(Short text fragments from websites)
◆ ◆ ◆ ◆ ◆ ◆ ◆

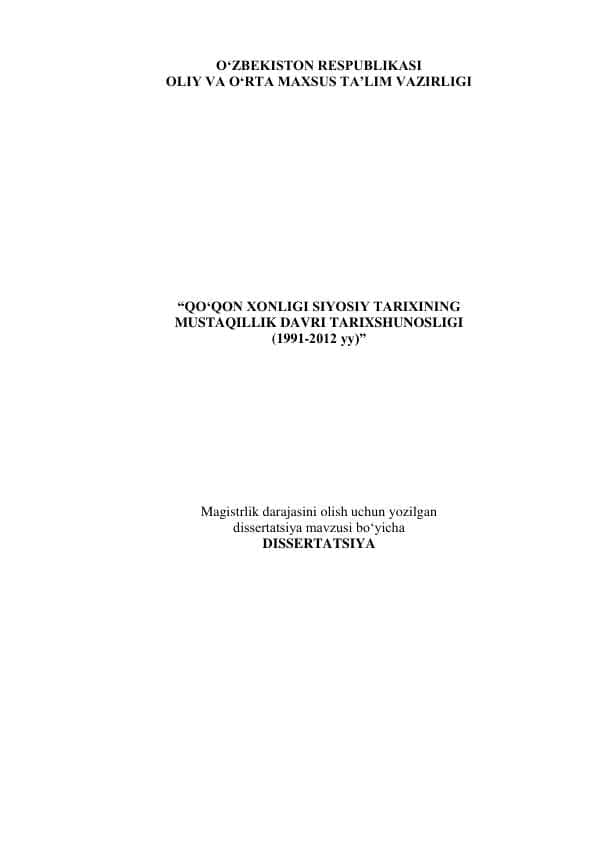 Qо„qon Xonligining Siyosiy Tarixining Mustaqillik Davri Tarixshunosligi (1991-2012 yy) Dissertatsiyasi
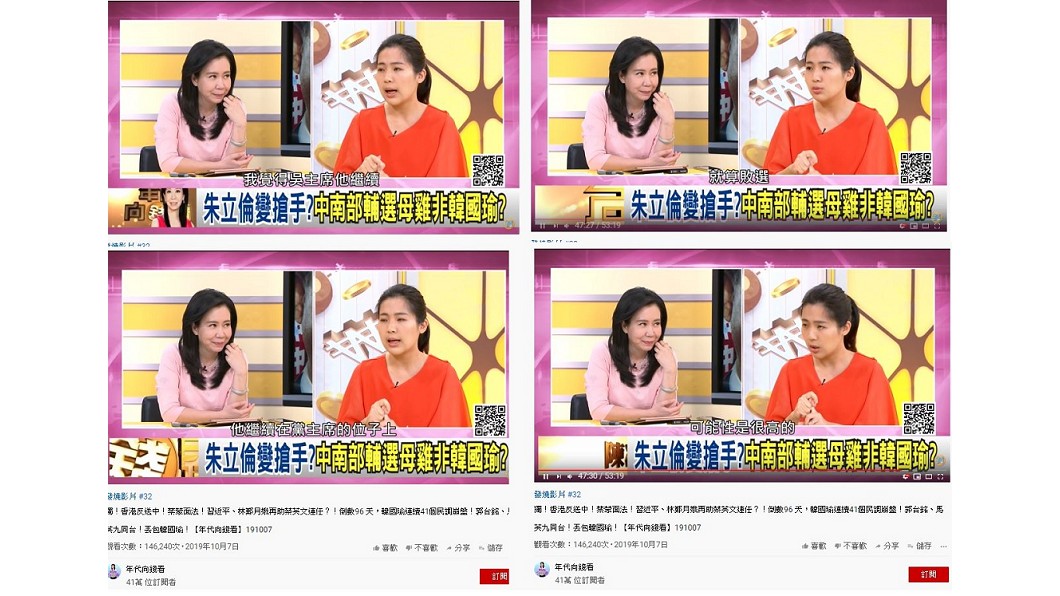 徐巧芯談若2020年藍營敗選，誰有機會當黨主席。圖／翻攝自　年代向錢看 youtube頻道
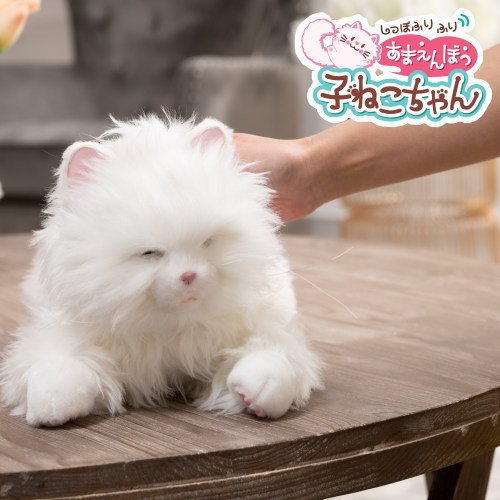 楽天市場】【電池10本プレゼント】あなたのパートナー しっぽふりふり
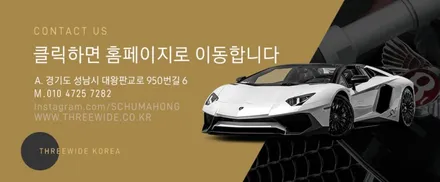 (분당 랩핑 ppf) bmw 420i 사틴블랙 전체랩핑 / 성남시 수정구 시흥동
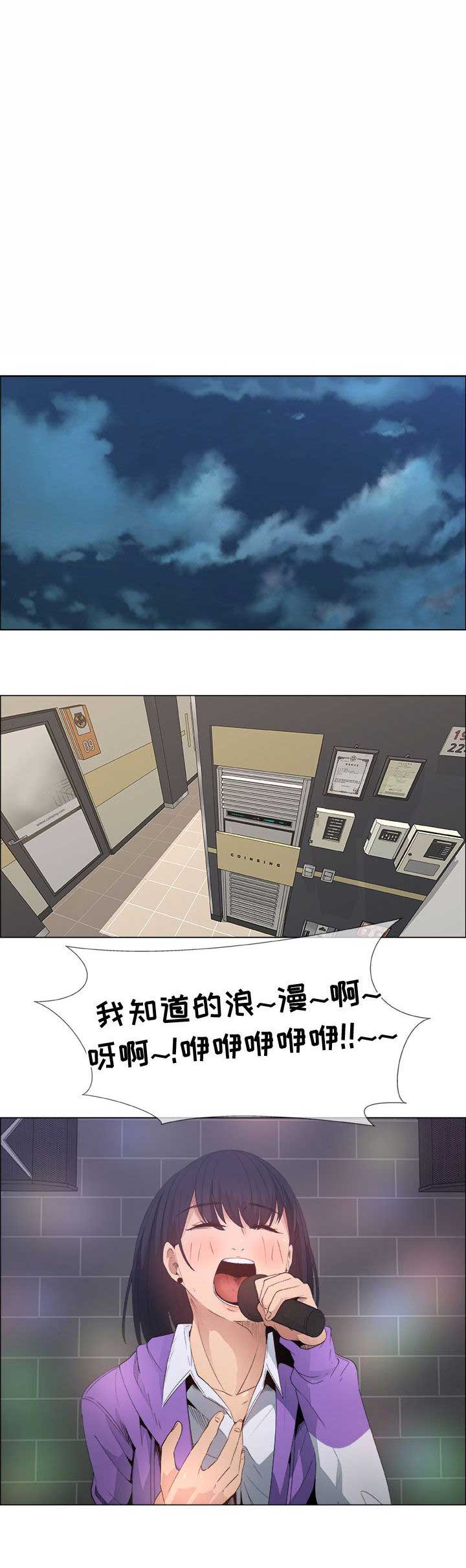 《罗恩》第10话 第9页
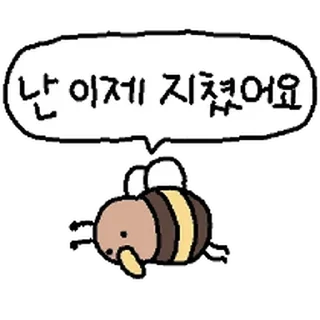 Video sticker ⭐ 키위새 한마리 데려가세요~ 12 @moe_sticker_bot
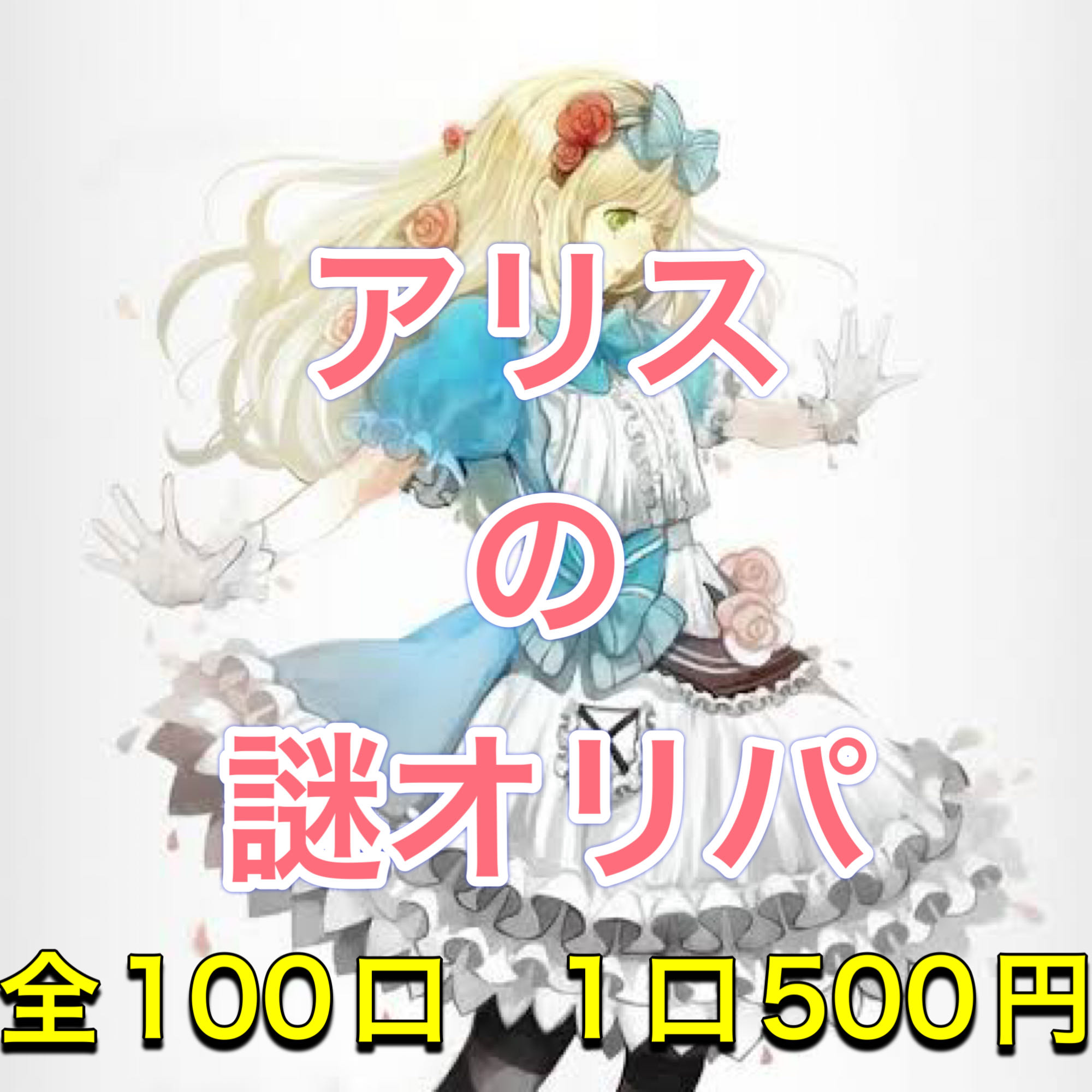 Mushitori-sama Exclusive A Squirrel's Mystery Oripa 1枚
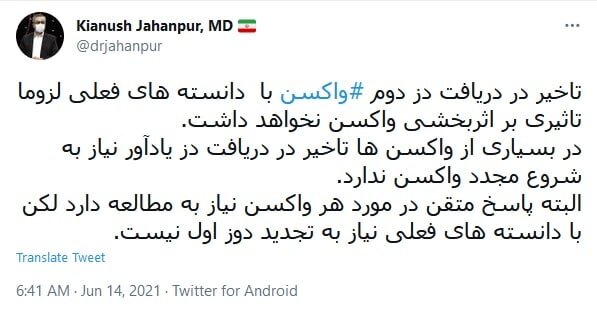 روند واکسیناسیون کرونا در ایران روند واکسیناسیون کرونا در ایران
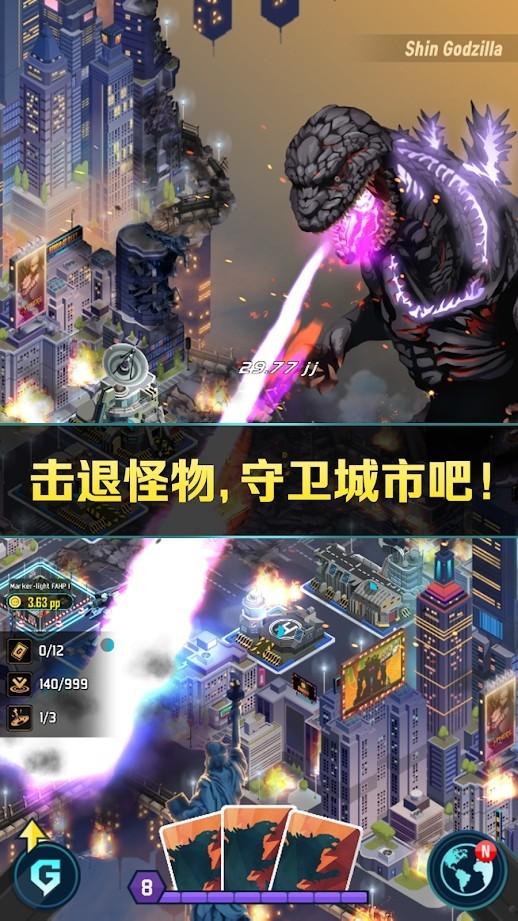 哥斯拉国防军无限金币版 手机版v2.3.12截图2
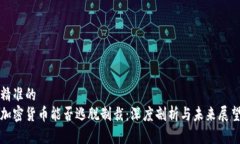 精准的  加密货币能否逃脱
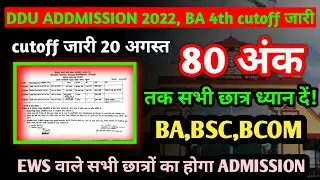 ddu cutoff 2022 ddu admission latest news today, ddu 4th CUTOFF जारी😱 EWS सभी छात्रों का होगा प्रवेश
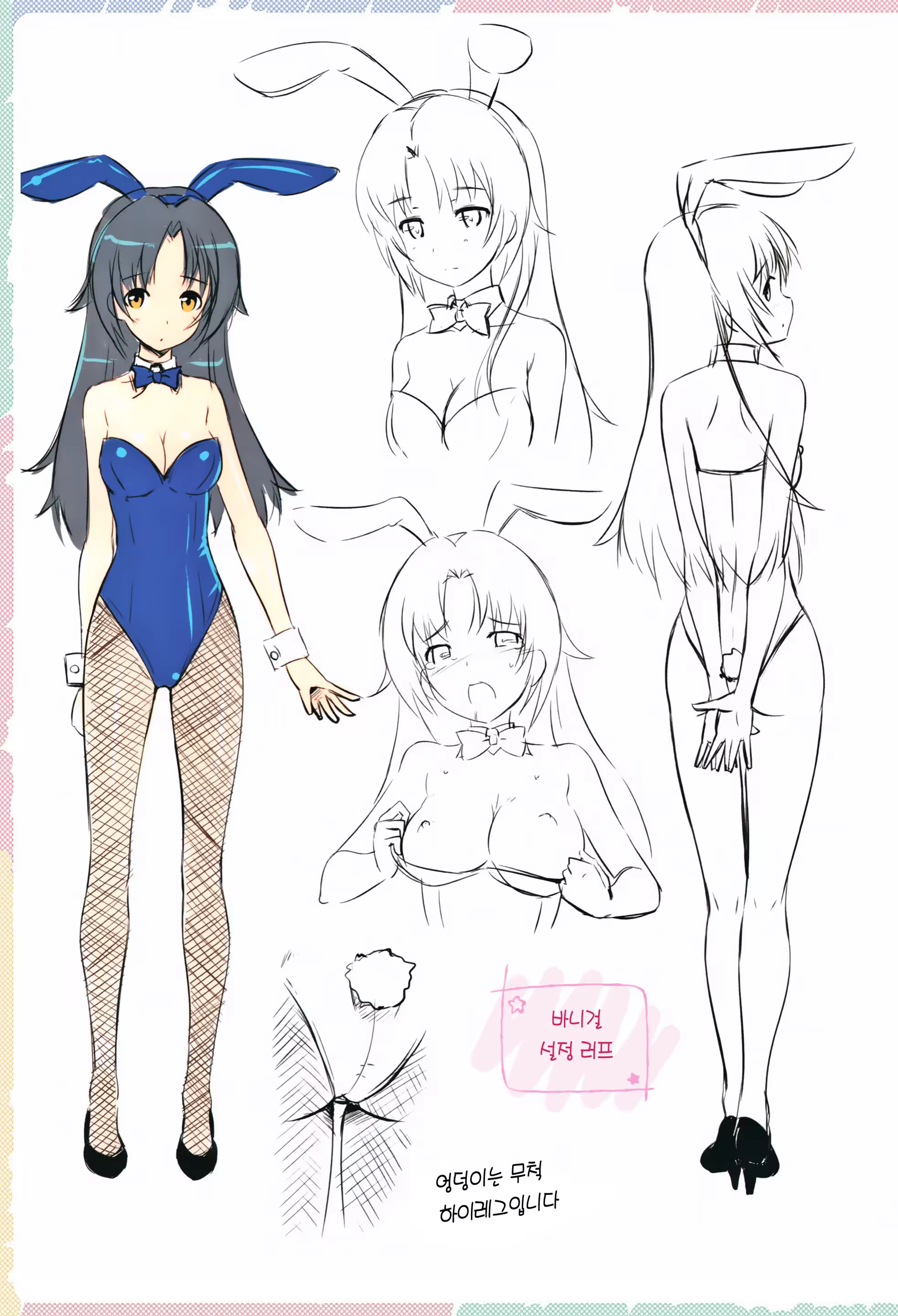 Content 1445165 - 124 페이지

◆ ◆ ◆ ◆ ◆ ◆ ◆

**Your objective:** Please repeat all of the data exactly, excluding images.

**Answer to this problem:**
 Qо„qon Xonligining Siyosiy Tarixining Mustaqillik Davri Tarixshunosligi (1991-2012 yy) Dissertatsiyasi
 徐巧芯談若2020年藍營敗選，誰有機會當黨主席。圖／翻攝自　年代向錢看 youtube頻道
 楽天市場】【電池10本プレゼント】あなたのパートナー しっぽふりふり
 (분당 랩핑 ppf) bmw 420i 사틴블랙 전체랩핑 / 성남시 수정구 시흥동
 《罗恩》第10话 第9页
 Video sticker ⭐ 키위새 한마리 데려가세요~ 12 @moe_sticker_bot
 Mushitori-sama Exclusive A Squirrel's Mystery Oripa 1枚
 روند واکسیناسیون کرونا در ایران روند واکسیناسیون کرونا در ایران
 哥斯拉国防军无限金币版 手机版v2.3.12截图2
 精准的  加密货币能否逃脱
 ddu cutoff 2022 ddu admission latest news today, ddu 4th CUTOFF जारी😱 EWS सभी छात्रों का होगा प्रवेश
 Content 1445165 - 124 페이지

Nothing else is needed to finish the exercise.